New Building Material Senses Temperature, Saves Energy
Researchers at the University of Chicago's Pritzker Molecular Engineering designed a building material that can cool or heat based on the outside temperature.
February 16, 2023
Researchers at the University of Chicago’s Pritzker School of Molecular Engineering have designed a building material that changes its infrared color — and how much heat it absorbs or emits — based on the outside temperature. On hot days, the material can emit up to 92% ofits the infrared heat, helping cool the inside of a building. On colder days, the material emits 7% of its infrared, helping keep a building warm.

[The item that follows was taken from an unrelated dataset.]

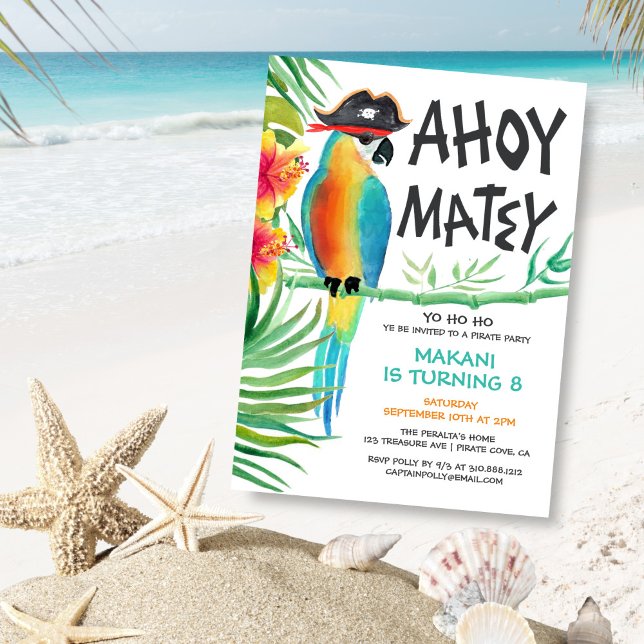 Convites Ahoy Matey Pirate Parrot Tropical Birday (Criador carregado)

“We’ve essentially figured out a low-energy way to treat a building like a person; you add a layer when you’re cold and take off a layer when you’re hot,” said Asst. Prof. Po-Chun Hsu, who led the research published in Nature Sustainability. “This kind of smart material lets us maintain the temperature in a building without huge amounts of energy.”

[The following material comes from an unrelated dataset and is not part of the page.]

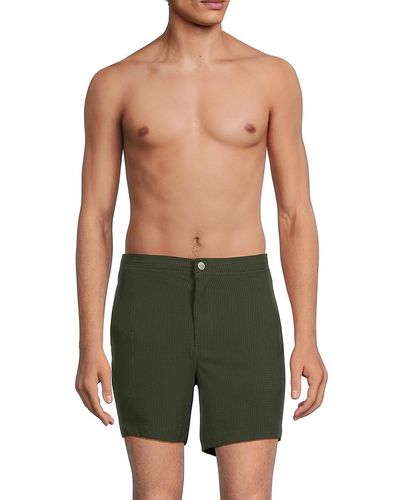 Onia Calder Flat Front Textured Shorts - Green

“A simple way to think about it is that if you have a completely black building facing the sun, it’s going to heat up more easily than other buildings,” said PME graduate student Chenxi Sui, the first author of the new manuscript.
That might be a good thing in the winter, but not in the summer. Since global warming causes frequent extremes in weather, there is a need for buildings to be able to adapt.
Hsu and his colleagues designed this non-flammable “electrochromic” building material that contains a layer that can take on two conformations: solid copper that retains most infrared heat, or a watery solution that emits infrared. At any trigger temperature, the device can use a tiny amount of electricity to induce the chemical shift by either depositing copper into a thin film, or stripping that copper off.
In the paper, researchers revealed how the ability to switch between the two conformations remained efficient even after 1,800 cycles.